Fausto Masó / El Nacional
Por culpa de haber nacido en Cuba, y por escribir esta columna, me preguntan constantemente por la calle cuántos días le quedan a Maduro en la presidencia. Me piden que les conteste precisando horas y hasta segundos. Están hartos del actual inquilino de Miraflores. Estoy tomando un café y alguien se me acerca pidiendo una revelación. “Tú que naciste en Cuba sabes lo que pasará en Venezuela”. Estoy cansado de explicar que Cuba es Cuba y Venezuela es Venezuela, una obviedad, igual que La Habana no era Moscú.

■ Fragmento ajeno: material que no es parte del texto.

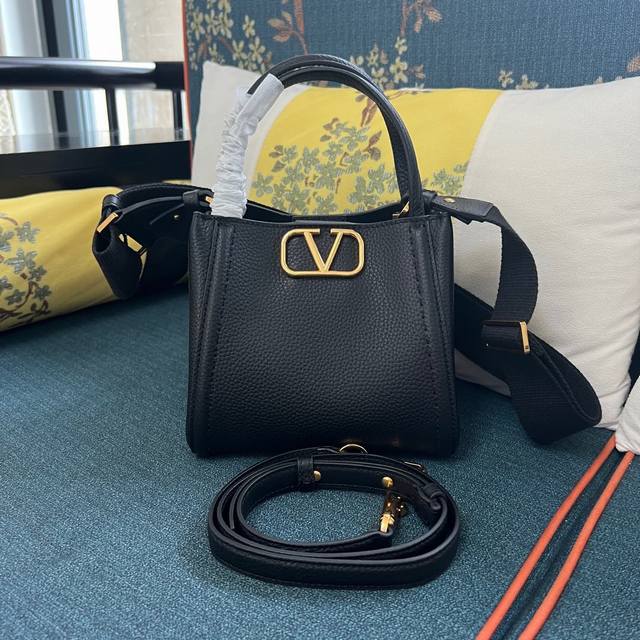Small Size Model: 2089S Garavani Alltime Small Grained Calfskin Handbag With Met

Miro a mi interlocutor fijamente y contesto: “Usted todavía no ha visto lo peor, hasta ahora lo que ha pasado ha sido una fiesta”. No paro hasta que el preguntón huye para subirse al primer avión que salga de Maiquetía.
En el pasado a los nacidos en Cuba los suponían agentes de la CIA, putrefactos arribistas, genios de la publicidad, cosas que bien vistas no eran tan infortunadas. Ahora a los exilados cubanos los consideran monos sabios, antes se les tomaba por rameras. ¡Ah, ustedes eran el burdel de los norteamericanos!, decían mis amigos, con envidia, como si pensaran que hay pocos lugares tan agradables como un burdel con rostro humano.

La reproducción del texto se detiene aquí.